[Collected data entries]

*** Block opens ***

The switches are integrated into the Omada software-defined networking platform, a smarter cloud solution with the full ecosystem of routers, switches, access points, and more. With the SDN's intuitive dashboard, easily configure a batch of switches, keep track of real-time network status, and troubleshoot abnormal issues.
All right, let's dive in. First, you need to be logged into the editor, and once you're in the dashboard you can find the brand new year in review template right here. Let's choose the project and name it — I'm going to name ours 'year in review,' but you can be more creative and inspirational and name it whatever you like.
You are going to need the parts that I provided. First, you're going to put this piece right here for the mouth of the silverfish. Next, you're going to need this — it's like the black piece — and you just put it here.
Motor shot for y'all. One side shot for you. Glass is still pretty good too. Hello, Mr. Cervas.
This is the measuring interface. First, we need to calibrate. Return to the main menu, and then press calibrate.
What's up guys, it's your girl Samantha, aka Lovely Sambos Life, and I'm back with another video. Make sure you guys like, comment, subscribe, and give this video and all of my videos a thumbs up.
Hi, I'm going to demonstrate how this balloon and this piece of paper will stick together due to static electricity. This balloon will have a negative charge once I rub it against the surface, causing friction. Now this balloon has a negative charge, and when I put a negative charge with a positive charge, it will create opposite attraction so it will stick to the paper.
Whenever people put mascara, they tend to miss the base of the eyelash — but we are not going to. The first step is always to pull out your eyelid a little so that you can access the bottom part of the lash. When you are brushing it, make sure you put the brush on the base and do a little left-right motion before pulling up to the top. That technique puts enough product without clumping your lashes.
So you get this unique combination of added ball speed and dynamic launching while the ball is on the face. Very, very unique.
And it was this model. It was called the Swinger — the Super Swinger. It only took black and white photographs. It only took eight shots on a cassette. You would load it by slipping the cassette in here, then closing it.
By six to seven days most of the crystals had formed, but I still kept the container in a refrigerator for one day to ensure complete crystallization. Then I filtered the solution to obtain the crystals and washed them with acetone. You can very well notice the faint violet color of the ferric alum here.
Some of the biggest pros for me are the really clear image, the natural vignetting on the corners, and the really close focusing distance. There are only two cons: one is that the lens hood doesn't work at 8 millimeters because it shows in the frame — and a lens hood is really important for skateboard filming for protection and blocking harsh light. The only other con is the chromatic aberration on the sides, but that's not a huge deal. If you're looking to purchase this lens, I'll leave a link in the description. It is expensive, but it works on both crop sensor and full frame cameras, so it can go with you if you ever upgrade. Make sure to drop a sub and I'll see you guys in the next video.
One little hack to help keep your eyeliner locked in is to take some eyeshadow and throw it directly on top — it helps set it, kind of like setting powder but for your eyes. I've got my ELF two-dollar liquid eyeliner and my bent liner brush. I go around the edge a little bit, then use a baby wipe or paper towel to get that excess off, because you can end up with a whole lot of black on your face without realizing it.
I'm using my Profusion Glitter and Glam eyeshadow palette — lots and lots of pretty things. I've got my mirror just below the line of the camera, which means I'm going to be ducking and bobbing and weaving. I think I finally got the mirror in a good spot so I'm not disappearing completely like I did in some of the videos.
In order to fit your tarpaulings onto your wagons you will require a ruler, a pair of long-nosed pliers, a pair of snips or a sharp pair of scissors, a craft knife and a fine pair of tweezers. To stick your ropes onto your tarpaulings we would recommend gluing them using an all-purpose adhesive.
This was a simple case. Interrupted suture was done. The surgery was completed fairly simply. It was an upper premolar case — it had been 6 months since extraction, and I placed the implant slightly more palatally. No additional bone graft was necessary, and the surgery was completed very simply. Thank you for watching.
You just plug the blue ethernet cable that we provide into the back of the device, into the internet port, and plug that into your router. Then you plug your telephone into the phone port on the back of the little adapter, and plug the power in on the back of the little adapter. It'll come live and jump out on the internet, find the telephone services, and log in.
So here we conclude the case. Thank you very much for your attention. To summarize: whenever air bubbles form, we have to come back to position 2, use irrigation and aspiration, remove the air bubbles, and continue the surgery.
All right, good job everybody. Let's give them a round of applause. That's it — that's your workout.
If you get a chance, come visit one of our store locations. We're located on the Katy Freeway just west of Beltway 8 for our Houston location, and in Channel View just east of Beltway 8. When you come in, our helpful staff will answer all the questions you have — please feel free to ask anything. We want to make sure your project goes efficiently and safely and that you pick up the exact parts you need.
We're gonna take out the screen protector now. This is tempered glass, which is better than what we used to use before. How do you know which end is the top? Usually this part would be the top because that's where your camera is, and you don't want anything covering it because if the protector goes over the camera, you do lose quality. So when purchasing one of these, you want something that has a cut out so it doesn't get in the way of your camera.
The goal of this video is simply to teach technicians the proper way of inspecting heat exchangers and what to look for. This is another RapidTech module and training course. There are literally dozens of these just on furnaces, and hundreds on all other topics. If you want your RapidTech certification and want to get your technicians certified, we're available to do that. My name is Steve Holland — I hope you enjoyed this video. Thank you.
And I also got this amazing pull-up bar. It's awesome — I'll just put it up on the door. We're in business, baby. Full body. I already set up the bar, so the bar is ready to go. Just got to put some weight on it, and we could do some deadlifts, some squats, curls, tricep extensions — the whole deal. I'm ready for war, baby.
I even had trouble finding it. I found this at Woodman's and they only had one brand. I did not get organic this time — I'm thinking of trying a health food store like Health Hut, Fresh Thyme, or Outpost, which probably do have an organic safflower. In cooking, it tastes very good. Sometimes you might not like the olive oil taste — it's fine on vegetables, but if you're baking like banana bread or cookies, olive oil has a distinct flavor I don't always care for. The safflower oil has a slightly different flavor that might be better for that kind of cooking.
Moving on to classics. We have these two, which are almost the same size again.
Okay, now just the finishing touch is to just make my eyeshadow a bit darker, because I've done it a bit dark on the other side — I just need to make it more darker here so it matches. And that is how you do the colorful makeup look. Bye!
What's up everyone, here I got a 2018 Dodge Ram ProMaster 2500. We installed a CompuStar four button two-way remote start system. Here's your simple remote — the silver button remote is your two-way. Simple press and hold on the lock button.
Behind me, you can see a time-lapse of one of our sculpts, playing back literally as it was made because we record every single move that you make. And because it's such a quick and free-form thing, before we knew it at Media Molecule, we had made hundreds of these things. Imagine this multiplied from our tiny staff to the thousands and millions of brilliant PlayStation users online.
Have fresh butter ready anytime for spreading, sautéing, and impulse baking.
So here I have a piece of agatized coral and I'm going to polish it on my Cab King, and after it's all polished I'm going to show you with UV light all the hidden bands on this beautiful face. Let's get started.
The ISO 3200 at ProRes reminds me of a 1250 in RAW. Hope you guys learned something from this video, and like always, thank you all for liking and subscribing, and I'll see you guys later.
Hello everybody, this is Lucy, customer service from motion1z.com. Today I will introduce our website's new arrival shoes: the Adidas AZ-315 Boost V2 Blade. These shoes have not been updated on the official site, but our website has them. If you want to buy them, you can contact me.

*** Block closes ***

About this task:
In the entries above, identify every line with the string "want".

Written answer:
If you get a chance, come visit one of our store locations. We're located on the Katy Freeway just west of Beltway 8 for our Houston location, and in Channel View just east of Beltway 8. When you come in, our helpful staff will answer all the questions you have — please feel free to ask anything. We want to make sure your project goes efficiently and safely and that you pick up the exact parts you need.
We're gonna take out the screen protector now. This is tempered glass, which is better than what we used to use before. How do you know which end is the top? Usually this part would be the top because that's where your camera is, and you don't want anything covering it because if the protector goes over the camera, you do lose quality. So when purchasing one of these, you want something that has a cut out so it doesn't get in the way of your camera.
The goal of this video is simply to teach technicians the proper way of inspecting heat exchangers and what to look for. This is another RapidTech module and training course. There are literally dozens of these just on furnaces, and hundreds on all other topics. If you want your RapidTech certification and want to get your technicians certified, we're available to do that. My name is Steve Holland — I hope you enjoyed this video. Thank you.
Hello everybody, this is Lucy, customer service from motion1z.com. Today I will introduce our website's new arrival shoes: the Adidas AZ-315 Boost V2 Blade. These shoes have not been updated on the official site, but our website has them. If you want to buy them, you can contact me.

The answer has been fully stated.